Chromosomal abnormality in men with impaired spermatogenesis

Abstract

Background: Chromosomal abnormalities and Y chromosome microdeletions are regarded as two most frequent genetic causes associated with failure of spermatogenesis in the Caucasian population.

Materials and methods: To investigate the distribution of genetic defects in the Romanian population with azoospermia or severe oligozoospermia, karyotype analysis by G-banding was carried out in 850 idiopathic infertile men and in 49 fertile men with one or more children. Screening for microdeletions in the azoospermia factor (AZF) region of Y chromosome was performed by multiplex polymerase chain reaction (PCR) on a group of 67 patients with no detectable chromosomal abnormality. The results of the two groups were compared by a two-tailed Fisher's exact test.

Results: In our study chromosomal abnormalities were observed in 12.70% and 8.16% of infertile and fertile individuals respectively.

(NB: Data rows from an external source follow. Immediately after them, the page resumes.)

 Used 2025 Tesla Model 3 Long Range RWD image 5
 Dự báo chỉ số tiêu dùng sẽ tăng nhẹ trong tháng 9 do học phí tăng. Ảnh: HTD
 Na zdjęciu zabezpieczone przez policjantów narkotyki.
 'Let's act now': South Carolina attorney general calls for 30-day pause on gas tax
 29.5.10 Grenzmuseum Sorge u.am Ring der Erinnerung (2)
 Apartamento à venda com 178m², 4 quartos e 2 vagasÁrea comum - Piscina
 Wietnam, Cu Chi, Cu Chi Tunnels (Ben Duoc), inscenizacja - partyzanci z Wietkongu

Conclusion: Our data suggests that infertile men with severe azoospermia have higher incidences of genetic defects than fertile men and also patients from any other group. Infertile men with normal sperm present a higher rate of polymorphic variants. It is important to know whether there is a genetic cause of male infertility before patients are subjected to intracytoplasmic sperm injection (ICSI) or testicular sperm extraction (TESE)/ICSI treatment.

Keywords: Azoospermia; Chromosomal Abnormality; Chromosome Microdeletion; Male Infertility; Oligozoospermia.

Fig 1

Isochomosom Y. Specific pattern of signals: an X chromosome specific signal (CEPX) and two signals characteristic of Y chromosome (SRY LSI). Result: 47,XYY. ish(CEPXx1) (SRYx2).